Ob und wen die Menschen am 20. Dezember aber tatsächlich wählen, sei offen, sagt Odile Bulabula vom Netzwerk für Innovation in Bukavu. „Die Leute gehen nur zu den Wahlveranstaltungen, weil sie bezahlt sind.“ Sie bekämen umgerechnet drei Euro und ein T-Shirt. 44 Millionen Erwachsene sind wahlberechtigt. Abgestimmt wird unter anderem über das Präsidentenamt und die 500 Sitze im Parlament.

Bulabula bemüht sich, die Menschen in Bürgerversammlungen zum Urnengang zu bewegen. Sie erklärt ihnen, dass sie auf diese Weise die Politiker verantwortlich halten könnten. Aber die Aktivistin hat einen schweren Stand. Denn die meisten Kongolesen sind damit beschäftigt, Geld für Essen, Schulgeld oder Arztrechnungen aufzutreiben. Zwei Drittel der geschätzt 100 Millionen Einwohner sind arm.
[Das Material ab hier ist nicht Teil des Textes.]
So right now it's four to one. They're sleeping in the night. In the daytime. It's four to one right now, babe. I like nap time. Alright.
Hetze gegen den Nachbarn Ruanda

Unter den Präsidentschaftskandidaten - 20 Männer und zwei Frauen - befinden sich neben dem amtierenden Präsidenten auch der Friedensnobelpreisträger Denis Mukwege, der ehemalige Gouverneur der rohstoffreichen Provinz Katanga, Moïse Katumbi, und der Geschäftsmann Martin Fayulu. Dieser reklamiert für sich, die vergangene Wahl gewonnen zu haben. Allerdings hatte die Wahlkommission 2018 nach einem dubiosen Urnengang Tshisekedi zum Sieger erklärt. Mukwege, bekannt als Gynäkologe, der vergewaltigte Frauen behandelt, gilt vielen Kongolesen als zu unerfahren in der Politik. Als wichtigsten Herausforderer sehen viele Katumbi, der vorübergehend im Exil lebte.
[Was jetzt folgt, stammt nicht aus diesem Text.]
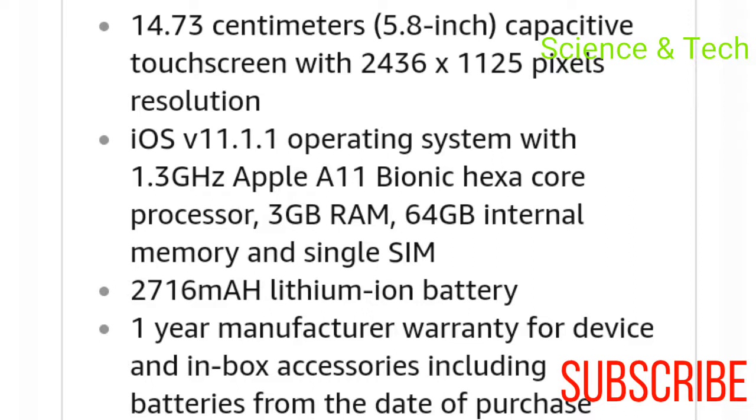This will be provided with the A11 Bionic Hexa-core chip — a powerful processor. It comes with RAM and 64GB storage. You can purchase this mobile device for storage.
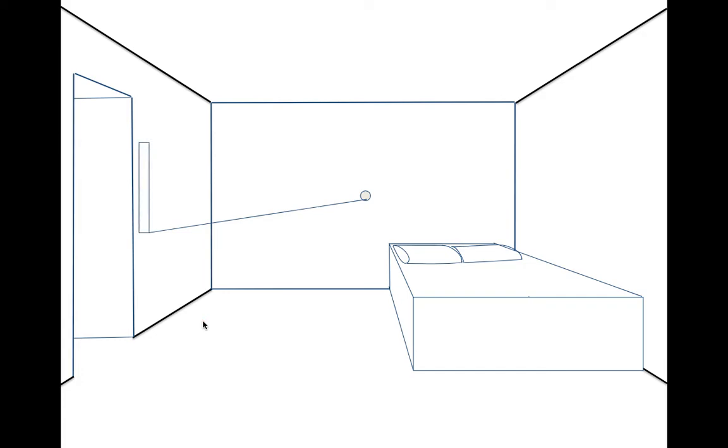We're going to start the TV by drawing a very skinny rectangle that is parallel to our doorway — they don't touch. Then we take the two corners closest to the vanishing point and draw lines to the vanishing point. Next, we figure out how long we want the TV to be — we want it to end before the back wall — and put in a vertical line straight up and down. These side lines are all parallel to each other.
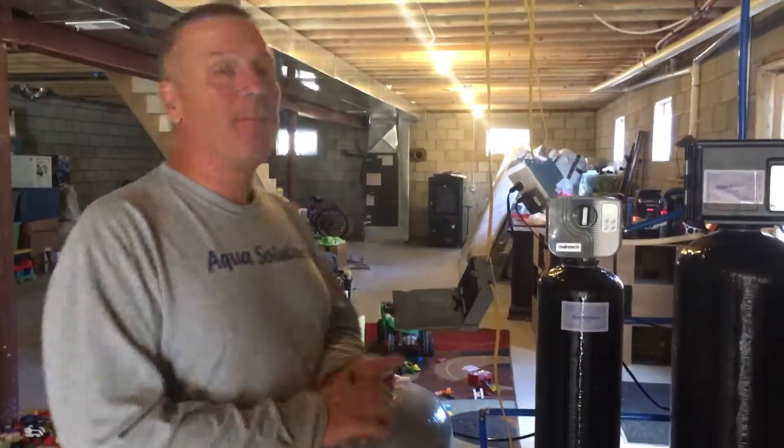Hey guys, Gary Monks with Aqua Solutions. We're still up on the ridge here out in La Trobe working with a customer.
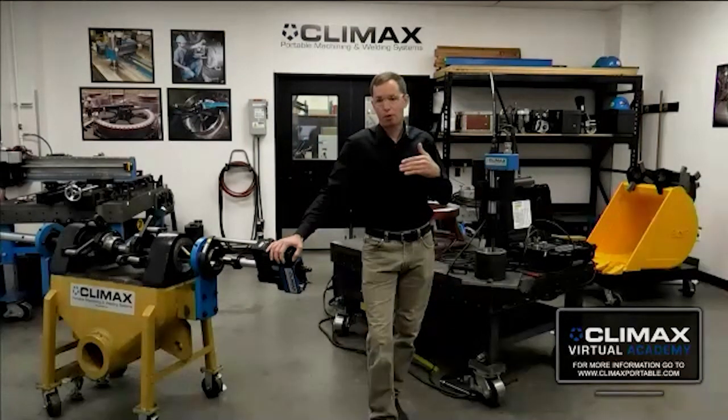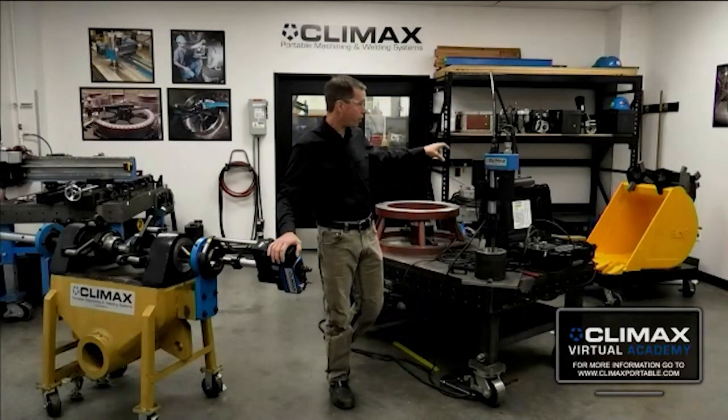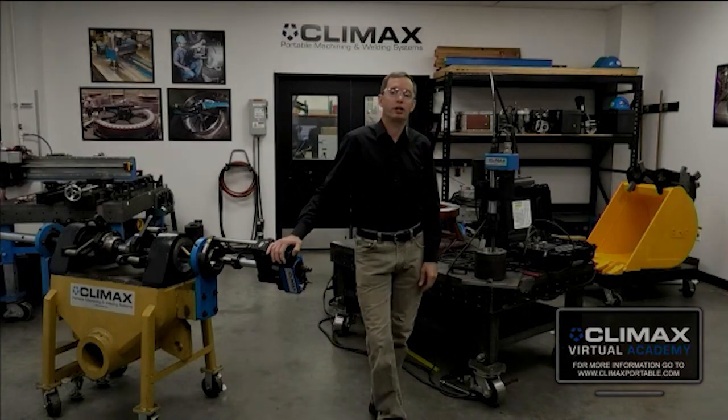Wire straighteners can also be used to straighten the wire out. We can't really do that with an enclosed wire feeder, but if you're using a shop-style wire feeder, you can straighten the wire with a wire straightener.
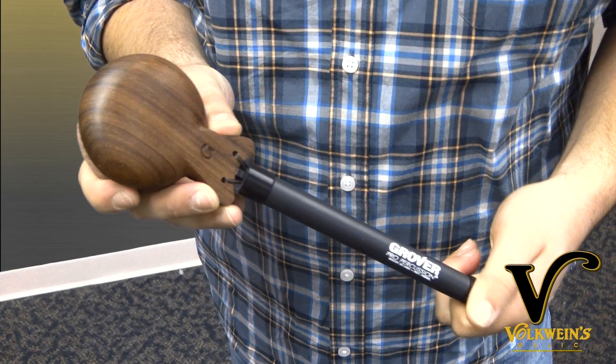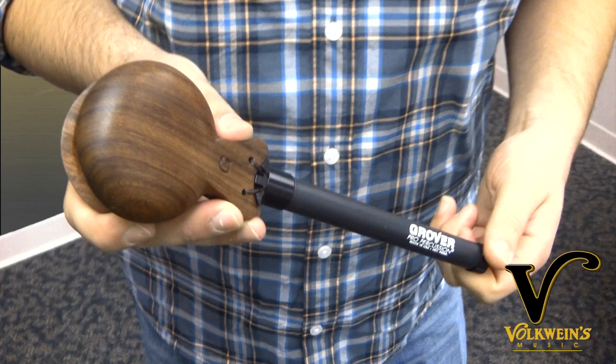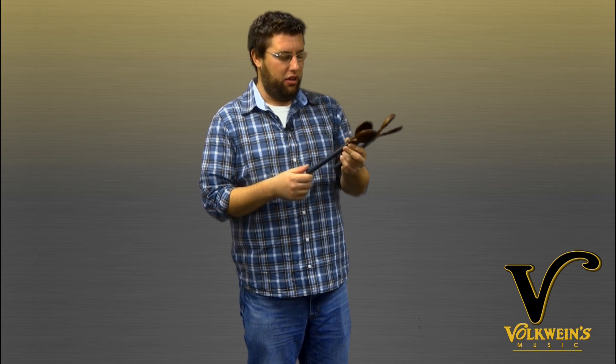Nice CNC machined wood. And the best part — the adjustable handle. All your tension is right here, so you can have them super tight or super loose. Super loose, you can do a double stroke roll on the leg — all that fun stuff.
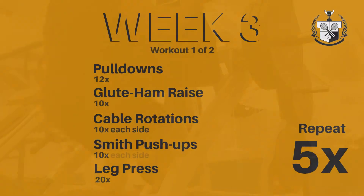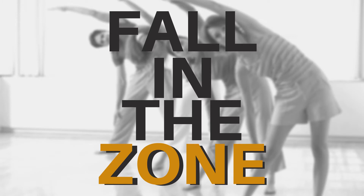You're going to be doing this rotation five times. You start with your pull-downs for 12 reps, your glute ham raises for 10 reps, cable rotations for 10 reps each side, push-ups for 10, and leg presses for 20. That will ensure that you don't select weight that's too heavy. So you go through that five times. Good luck, everyone.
„Kein Kandidat präsentiert aber eine Strategie, wie der Kongo zu Frieden und Wohlstand kommen könnte“, sagt Onesphore Sematumba, Analyst beim Thinktank Crisis Group. Die Bewerber hetzten lieber gegen das Nachbarland Ruanda, versprächen den Kongolesen einen glorreichen militärischen Sieg und redeten wenig über ihre eigenen Leistungen, kritisiert er.

Präsident Thsisekedi verglich auf einer Wahlveranstaltung den ruandischen Präsidenten Paul Kagame sogar mit Adolf Hitler. Kagame verhalte sich mit seinen Expansionsgelüsten wie einst Hitler, rief er in die jubelnde Menge. Ruanda rüstet nach Erkenntnissen der Vereinten Nationen die Miliz M23 aus. Diese hält einen Teil der fruchtbaren und an Bodenschätzen reichen Provinz Nord-Kivu besetzt und schneidet der Millionenstadt Goma die Versorgung ab. Eine Million Wahlberechtigte sind im besetzten Gebiet vom Urnengang ausgeschlossen.
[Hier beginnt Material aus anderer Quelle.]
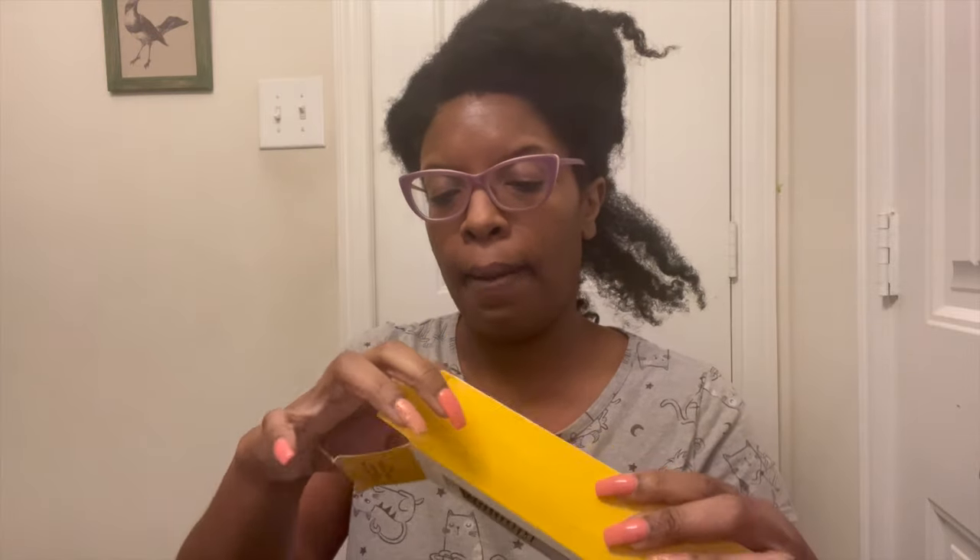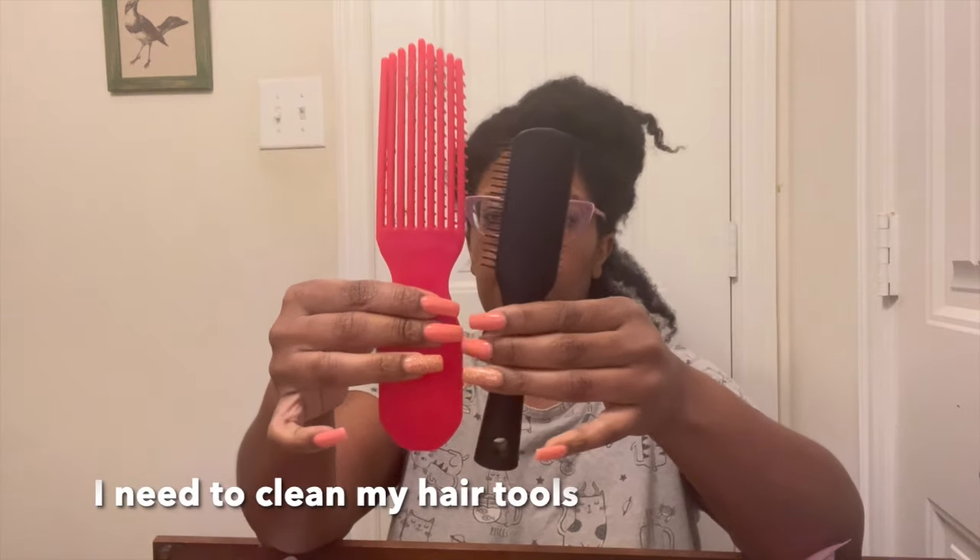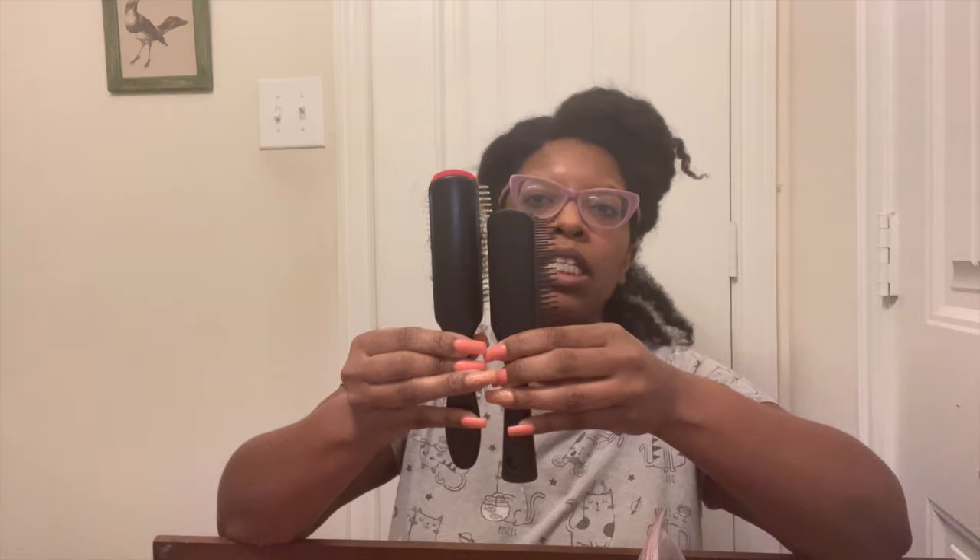I have a spray bottle here with water and conditioner. Let's go ahead and open this up — I purchased this from Amazon, by the way. And this is the mini, so... I can see the problem already. It's not flexible — there's no resistance, it's either all or nothing. And compared to the Felicia Leatherwood brush and this modified denim brush, this is definitely a mini.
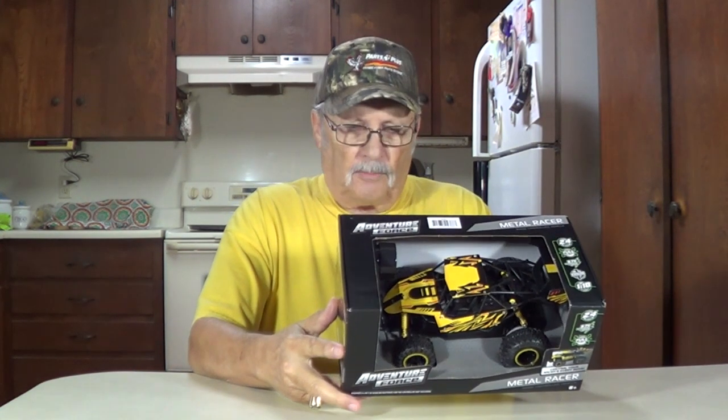Howdy, thanks for joining me. I'm Lane. Picked up another radio control car. This one's called Metal Racer, a radio control vehicle.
Nicht alle werden wählen können

Jean-Claude Mputu, stellvertretender Direktor der Organisation Resource Matters, stellt derweil der unabhängigen Wahlkommission ein bescheidenes Zeugnis aus. Wenige Tage vor der Wahl sei nur ein Bruchteil der Wahllokale mit Wahlmaschinen und Stimmzetteln ausgerüstet. Außerdem seien viele Ausweise, die zum Wählen berechtigen, so schlecht gedruckt worden, dass sie nicht lesbar und somit ungültig seien. Und wie das Wahl-Budget gehandhabt werde, sei völlig intransparent.
Wahlen im Kongo sind allerdings eine Herausforderung. Das Land ist doppelt so groß wie Deutschland, Frankreich und Italien zusammen. Es gibt nur wenige Straßen und viele schlechte Pisten, die jetzt in der Regenzeit unpassierbar sind. Die Wahlbeobachter der Europäischen Union wollten aufgrund der schlechten Infrastruktur Satellitentelefone benutzen. Das hat ihnen die Regierung untersagt. Deshalb sind sie wieder abgezogen.
„Der Kongo ist eine junge Demokratie“, räumt Placide Nzilamba, Sekretär des Bürgervereins in Nord-Kivu, ein. Es gebe aber Fortschritte, betont er. Immerhin würden in den größeren Städten jetzt die Gemeinderäte gewählt. Zum ersten Mal seit der Unabhängigkeit 1960.